“El matrimonio en el Señor”

viernes, 14 de agosto de 2020

14/08/2020 – En el Evangelio de hoy Mateo 19,3-12 Jesús hace referencia al misterio del matrimonio, que es una figura, la de la alianza matrimonial, que Dios utiliza para hablar acerca de alianza de él con su pueblo. Jesús cuando hace referencia a ésta realidad de alianza, se refiere a la necesidad de poner en sintonía a los diferentes, lo diverso, así lo hace él mismo lo hace: siendo rico se hace pobre, siendo Dios se hace hombre, es la vida y enfrenta la muerte.

 
Cuando celebro el sacramento del matrimonio me llama mucho la atención que la alianza que se entregan los esposos esconden un misterio, porque la alianza de ella lleva el nombre de el y la alianaza de él lleva el nombre de ella, es como si cada uno se dijera “me voy a hacer a tu medida”. Hacerse a la medida del otro es un misterio de amor, es decir ser uno en el otro solo se puede hacer en el amor cuando este es misterio de comunión.
 
El mundo de hoy perdió la capacidad de comunión de lo diverso, de unidad: construye totalitarismos que quieren igualar sin concebir lo diverso o disolver la diversidad en el individualismo.
 
La fuerza del amor es la que nos regala el misterio de comunión.
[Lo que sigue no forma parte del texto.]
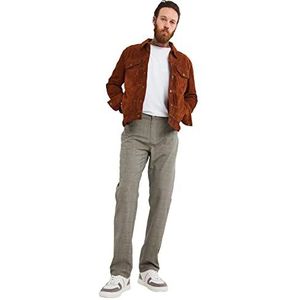 Joe Browns Slimme jeans met ruitpatroon, klassieke rechte pasvorm, herenjeans (1 stuk), grijs.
Que podamos ser uno en otro, por la gracia de la alianza en Jesús.

 

 

 

 

Se acercaron a él algunos fariseos y, para ponerlo a prueba, le dijeron: “¿Es lícito al hombre divorciarse de su mujer por cualquier motivo?”. El respondió: “¿No han leído ustedes que el Creador, desde el principio, los hizo varón y mujer; y que dijo: Por eso, el hombre dejará a su padre y a su madre para unirse a su mujer, y los dos no serán sino una sola carne? De manera que ya no son dos, sino una sola carne. Que el hombre no separe lo que Dios ha unido”. Le replicaron: “Entonces, ¿por qué Moisés prescribió entregar una declaración de divorcio cuando uno se separa?”. El les dijo: “Moisés les permitió divorciarse de su mujer, debido a la dureza del corazón de ustedes, pero al principio no era así. Por lo tanto, yo les digo: El que se divorcia de su mujer, a no ser en caso de unión ilegal, y se casa con otra, comete adulterio”. Los discípulos le dijeron: “Si esta es la situación del hombre con respecto a su mujer, no conviene casarse”. Y él les respondió: “No todos entienden este lenguaje, sino sólo aquellos a quienes se les ha concedido.” En efecto, algunos no se casan, porque nacieron impotentes del seno de su madre; otros, porque fueron castrados por los hombres; y hay otros que decidieron no casarse a causa del Reino de los Cielos. ¡El que pueda entender, que entienda!”.

Mateo 19,3-12

 

 

Contemplando la Alianza de Dios con Israel bajo la imagen de un amor conyugal exclusivo y fiel (cf Os 1-3; Is 54.62; Jr 2-3. 31; Ez 16,62;23), los profetas fueron preparando la conciencia del Pueblo elegido para una comprensión más profunda de la unidad y de la indisolubilidad del matrimonio (cf Ml 2,13-17)

A lo largo de la historia sagrada, Dios se ha revelado a través de diversas alianzas. Selló la primera alianza en el paraíso con nuestros primeros padres: Dios les dio la vida, la tierra y todos sus frutos, y les pidió fidelidad a sus mandamientos. Adán y Eva rompieron la alianza con su Creador y pagaron sus consecuencias, en ellos y en sus descendientes.

La segunda alianza fue con un hombre justo llamado Noé. El arcoíris que siguió al Diluvio fue el signo de esa segunda alianza.

Realizó la tercera alianza con una tribu, la de Abraham, que Dios escogió como suya. Sus descendientes se convertirían en doce tribus y después en un reino. El signo de este tercer pacto es la circuncisión.

La cuarta alianza la estableció Dios con Moisés en el monte Sinaí. El signo de esta alianza es la Pascua, banquete sacrificial que transformaría a los isrraelitas en pueblo de Dios.

Dios hizo la quinta y última de las alianzas del Antiguo Testamento con el rey David, al prometerle que lo convertiría en rey de su pueblo elegido y al anunciarle que su reino sería perpetuo y universal.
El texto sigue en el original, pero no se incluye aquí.